Agnate had one option. Instead of struggling to break free, he hurled himself inward and head-butted the remaining face. It collapsed like an egg. Agnate reared, his head flinging glistening-oil, but he could not break free. He butted the creature again. This time, something gray mixed with the gold, and the creature slumped.

Agnate escaped. He wiped oil back along his pate.

To either side, Metathran troops formed a blue wave across the mudflats. Where their tide rolled, monsters fell. In muddy graves and thrashing seas, Phyrexians lay dead.

Agnate's axe sang above the heads of his foes. Here it clove the skull-shield of a scuta. There it chopped through the waist of a Phyrexian trooper. It bashed back claws and bashed in teeth. It liberated scores of souls from the Phyrexian prisons they called their bodies.

Then blade met blade. Agnate's axe rebounded. A Phyrexian slasher advanced to kill him. He couldn't do likewise. There were no soft spots on the artifact engine. It was all razor edges. Three knifelike legs supported a body that bristled with whirling steel.

Agnate backed away, swinging. His weapon only clanged on the foremost scythe. The machine scuttled toward him. Agnate swept his axe downward but nearly tripped over a dead body. The axe bit deep in the mud and was mired. He yanked on it. The machine leaped at him. Agnate released the weapon and retreated beyond the corpse.

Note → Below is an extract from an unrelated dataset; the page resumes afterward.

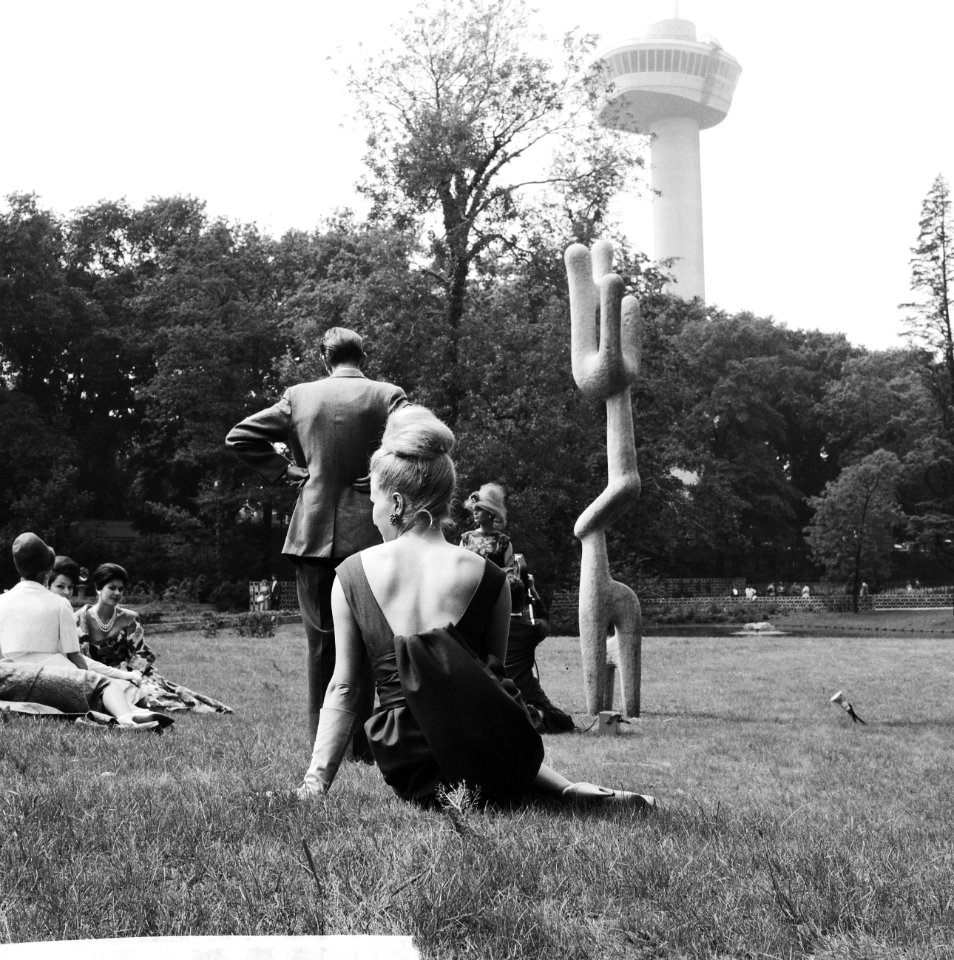 Europese mode op de top van de Rotterdamse Euromast, de mannequins op de Floriad, Bestanddeelnr 911-3062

Reaching down, he lifted the body he had stumbled over-a Phyrexian trooper. Hoisting it overhead, Agnate hurled it down on the slasher. Its main blade impaled the corpse, while side blades shredded the body. The Phyrexian's weight shoved the slasher's legs into the mud. Hefting another corpse, Agnate flung it down atop the machine. Deeper the thing went. Two more bodies, and the slasher was hopelessly stuck.

He had to laugh.

Striding past the machine, Agnate worked his axe free from the mud. The battle raged ahead of him. Only a narrow wedge of monsters remained between the closing halves of the army. Eager to deal the final blows, the Metathran commander leaped back into battle.